### [ACTIVITY]
The data is to be repeated exactly, with the images removed.

### [STORED DATA]
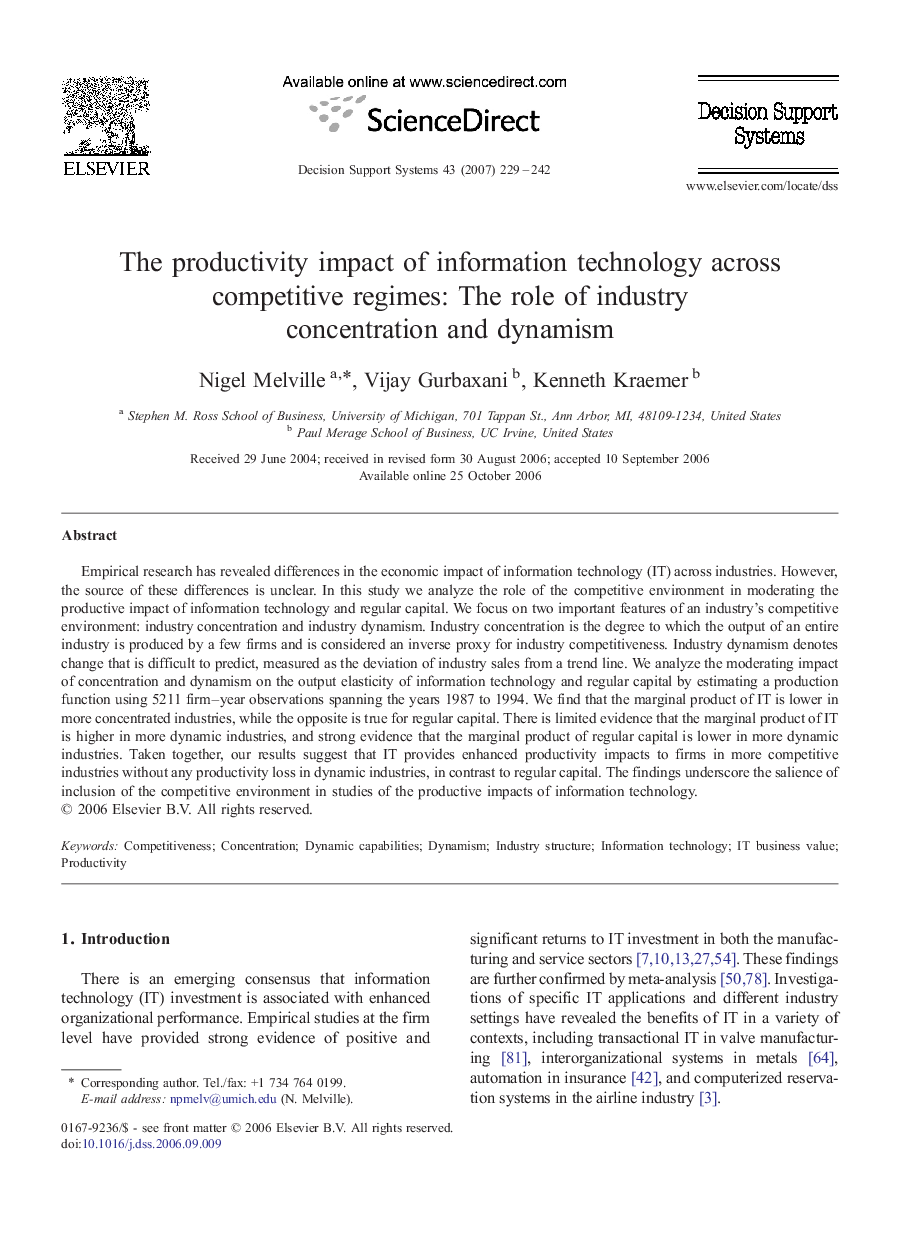 The productivity impact of information technology across competitive regimes: The role of industry concentration and dynamism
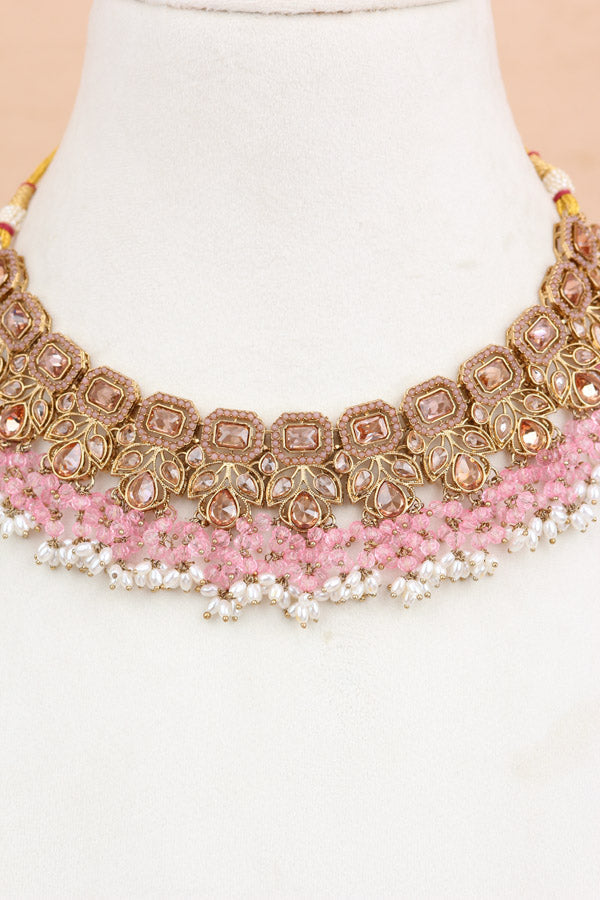 Pink Quality Polki Necklace With Large Earrings And Tikka (NS015-P-Polki-B2)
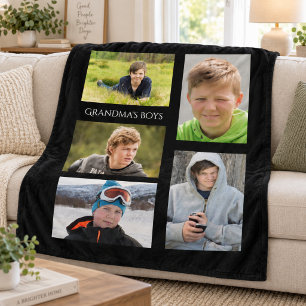 Benutzerdefinierte Fotocollage Großmutter Oma Fleecedecke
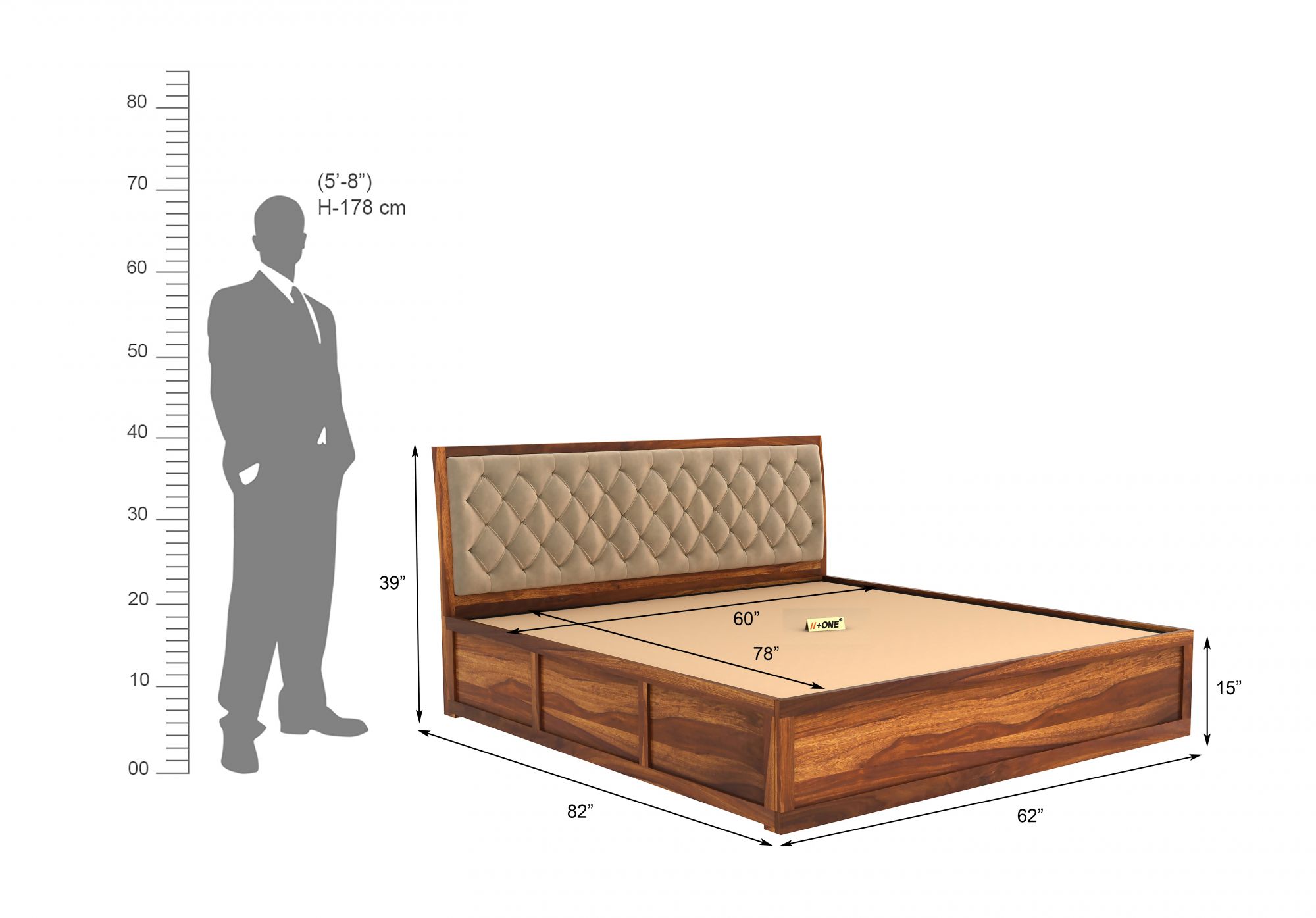 Aria Cushioned Husk Bed With Hydraulic Storage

### [TASK ANSWER]
 The productivity impact of information technology across competitive regimes: The role of industry concentration and dynamism
 Pink Quality Polki Necklace With Large Earrings And Tikka (NS015-P-Polki-B2)
 Benutzerdefinierte Fotocollage Großmutter Oma Fleecedecke
 Aria Cushioned Husk Bed With Hydraulic Storage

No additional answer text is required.